<scribe> Scribe: Ian
Next steps for transaction confirmation
AdrianHB: The proposal I wrote up
needs input from WebAuthn folks
... can you get more certainty about what the user was shown
because it was shown by the browser and not the web site?
... there's a concept of "software display"
John: Current state of
transaction confirmation: no implementations currently
... Browsers have indicated that they are leery of anything
that would allow the RP to display arbitrary text in browser
chrome
... there might be some support for limiting that to part of a
transaction (which might be good for payments but not
contracts)
... so the question for this forum is: what would be the
minimum amount that would need to be displayed? And how could
that data be collected via APIs?
... another topic is localization: how can the beneficiary and
total involve standard phrasing that could be localized?
AdrianHB: Transaction
confirmation is a FIDO concept that depends on an authenticator
having a display.
... my assumption up to now is that the browser itself doesn't
count.
... so we are looking for middle ground: browser displays and
browser can sign. Does that fit into a security framework
that's verifiable?
John: The authenticator can sign
over what the browser or platform says it displays
... e.g., on Windows, it's the OS operating ("ring 1") so it's
pretty secure and is not subject to attack by JS
AdrianHB: So, in this potential
future state, the relying party will have an assertion that was generated
by WebAuthn with some transaction text that they trust the
platform to have displayed to the user
... so authenticator and platform share trust
John: There was handwavy text in
the FIDO security reqs that you could have an external thing
display the transaction confirmation
... but there was no description about how to do that.

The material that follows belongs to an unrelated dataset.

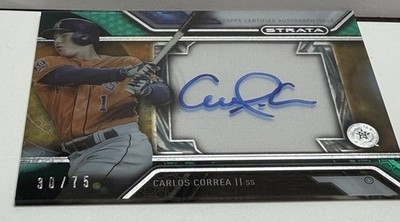 2016 Topps Strata Autographs Carlos Correa #SA-CC Green /75 (AU) Houston Astros
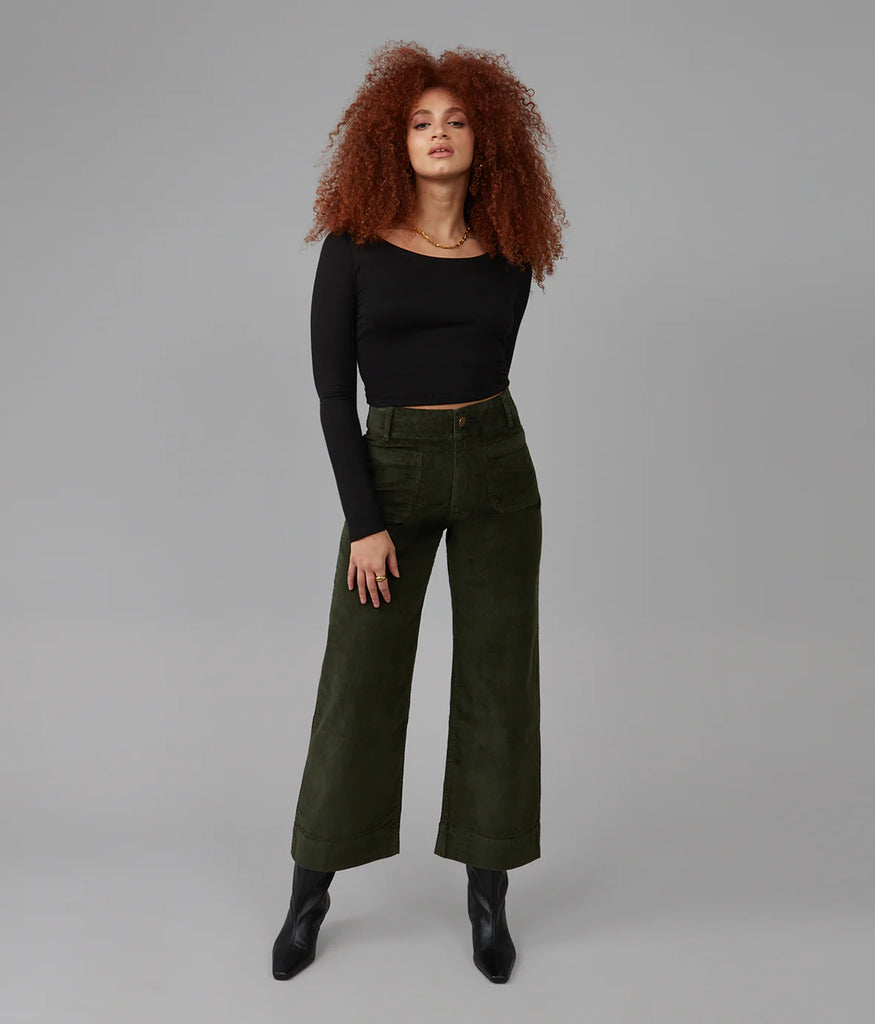 Lola Jeans Colette High Rise Wide Leg Cotton Corduroy in Dark Olive Green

AdrianHB: My second question is: it seems like one reason that browsers were reluctant was "free text." But if we can get input from PR API, that seems like it would be an improvement.
JeffH: "Maybe"
... it would need a concrete proposal.
... and there are many facets to Chrome. This notion may or may
not make it through all the necessary reviews
John: Chrome on android and
desktop may have differing views, and same with other platforms
and browsers
... The first thing to do is to show demand.
... E.g., if google pay is interested
Ian: What is a regulatory requirement not sufficient?
John: government mandates do not always bear fruit
IJ: Has google pay expressed interest in this?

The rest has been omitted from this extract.